(Caption-style text data)
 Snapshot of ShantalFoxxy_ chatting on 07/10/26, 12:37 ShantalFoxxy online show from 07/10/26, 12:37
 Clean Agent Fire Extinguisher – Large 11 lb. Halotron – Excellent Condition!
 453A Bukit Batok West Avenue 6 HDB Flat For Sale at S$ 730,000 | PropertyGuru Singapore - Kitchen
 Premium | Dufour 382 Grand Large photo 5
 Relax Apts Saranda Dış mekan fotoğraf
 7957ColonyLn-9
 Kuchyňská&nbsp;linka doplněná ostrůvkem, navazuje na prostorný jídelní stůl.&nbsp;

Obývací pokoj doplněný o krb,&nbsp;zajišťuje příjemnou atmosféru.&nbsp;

Task item →
Only the lines from the one containing "Premium | Dufour 382 Grand Large photo 5" to the end of the data should be printed, exactly as they stand.

Solution to the exercise →
 Premium | Dufour 382 Grand Large photo 5
 Relax Apts Saranda Dış mekan fotoğraf
 7957ColonyLn-9
 Kuchyňská&nbsp;linka doplněná ostrůvkem, navazuje na prostorný jídelní stůl.&nbsp;

Obývací pokoj doplněný o krb,&nbsp;zajišťuje příjemnou atmosféru.&nbsp;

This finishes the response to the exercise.